After completing Okta configuration:

# Deploy the quota monitoring stack
poetry run ccwb deploy quota

# Set a default quota for all users (required)
poetry run ccwb quota set-default --monthly-limit 225M

# Optional: Set group-based quotas (requires groups claim)
poetry run ccwb quota set-group engineering --monthly-limit 500M
poetry run ccwb quota set-group data-science --monthly-limit 1B

# Optional: Set user-specific quotas
poetry run ccwb quota set-user power.user@company.com --monthly-limit 500M

# Test the quota API
poetry run ccwb test quota-api

Verifying Your Configuration

Test that your JWT includes the expected claims:

  1. Complete an authentication flow with your application
  2. Decode the ID token at jwt.io
  3. Verify these claims are present:
    • email - Your user's email address
    • groups - Array of group names (if configured)
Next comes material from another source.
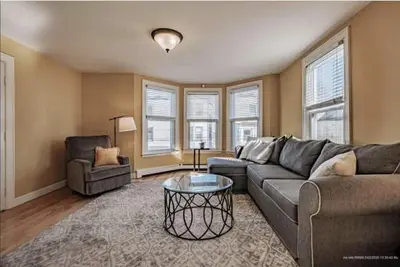 Image de Cozy, Elegant and Bright 2 bed in the East End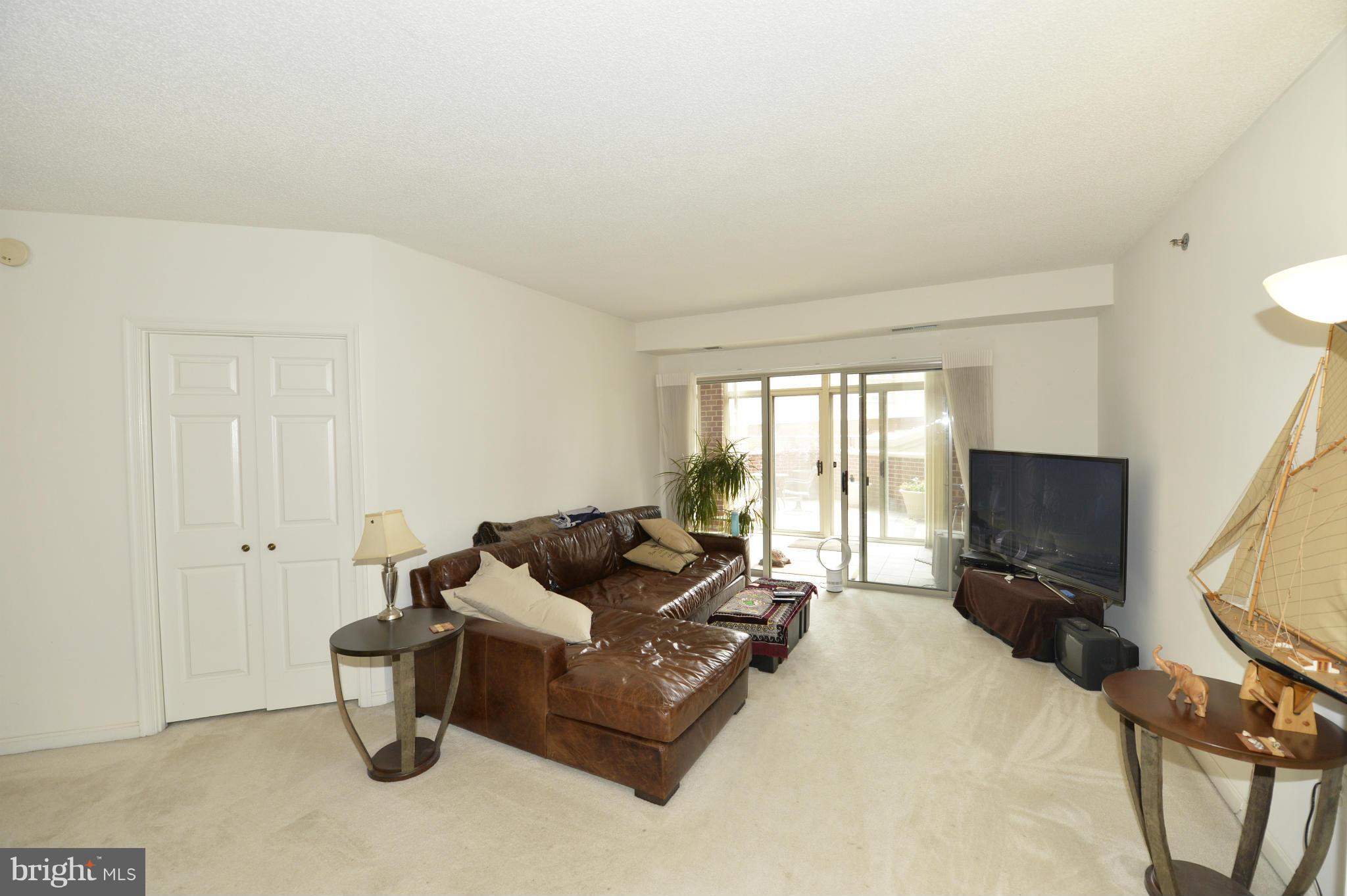 CARLYLE TOWERS - Residential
For complete quota monitoring documentation, see Quota Monitoring Guide.

Troubleshooting

"Invalid redirect URI" Error

  • Ensure the redirect URI is exactly: http://localhost:8400/callback
  • Check for trailing slashes or typos

User Can't Sign In

  • Verify the user is assigned to the application
  • Check if the user's account is active
  • Ensure password meets Okta's policy requirements

Can't Find Client ID

  1. Go to ApplicationsApplications
  2. Click on your application
  3. The Client ID is on the General tab under "Client Credentials"

Next Steps

Once you've completed this Okta setup:

  1. Clone the repository: 
    git clone https://github.com/aws-solutions-library-samples/guidance-for-claude-code-with-amazon-bedrock.git
cd claude-code-setup
poetry install
  2. Run the setup wizard: poetry run ccwb init
  3. Create a distribution package: poetry run ccwb package
  4. Test the deployment: poetry run ccwb test --api
  5. Distribute the dist/ folder to your users

Security Best Practices

  1. Production Considerations:

    • Use groups to manage access at scale
    • Enable MFA for all users
    • Set appropriate session timeouts
    • Monitor the System Log regularly

  2. Token Settings:

    • Enable refresh token rotation
    • Set reasonable token lifetimes
    • Use PKCE (enabled by default for native apps)

  3. User Management:

    • Use Okta's password policies
    • Implement account lockout policies
    • Regular access reviews

Useful Okta Admin URLs

  • Dashboard: https://your-domain.okta.com/admin/dashboard
  • Applications: https://your-domain.okta.com/admin/apps/active
  • Users: https://your-domain.okta.com/admin/users
  • System Log: https://your-domain.okta.com/admin/reports/system_log

Remember to replace your-domain with your actual Okta domain!